• _Work required_
Print only the closing part of the entries. It starts at the line containing "Papier peint autocollant" and includes the final line, exactly as written.

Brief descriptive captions
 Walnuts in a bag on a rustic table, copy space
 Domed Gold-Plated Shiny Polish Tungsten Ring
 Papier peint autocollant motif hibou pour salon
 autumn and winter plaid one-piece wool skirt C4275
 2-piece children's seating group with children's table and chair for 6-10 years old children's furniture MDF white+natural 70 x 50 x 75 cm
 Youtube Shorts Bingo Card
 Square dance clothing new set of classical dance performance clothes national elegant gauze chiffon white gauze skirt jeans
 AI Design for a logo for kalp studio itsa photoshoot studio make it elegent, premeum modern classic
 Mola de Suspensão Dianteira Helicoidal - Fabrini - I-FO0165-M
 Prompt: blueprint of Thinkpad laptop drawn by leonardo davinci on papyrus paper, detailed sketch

• _Finished task_
 Papier peint autocollant motif hibou pour salon
 autumn and winter plaid one-piece wool skirt C4275
 2-piece children's seating group with children's table and chair for 6-10 years old children's furniture MDF white+natural 70 x 50 x 75 cm
 Youtube Shorts Bingo Card
 Square dance clothing new set of classical dance performance clothes national elegant gauze chiffon white gauze skirt jeans
 AI Design for a logo for kalp studio itsa photoshoot studio make it elegent, premeum modern classic
 Mola de Suspensão Dianteira Helicoidal - Fabrini - I-FO0165-M
 Prompt: blueprint of Thinkpad laptop drawn by leonardo davinci on papyrus paper, detailed sketch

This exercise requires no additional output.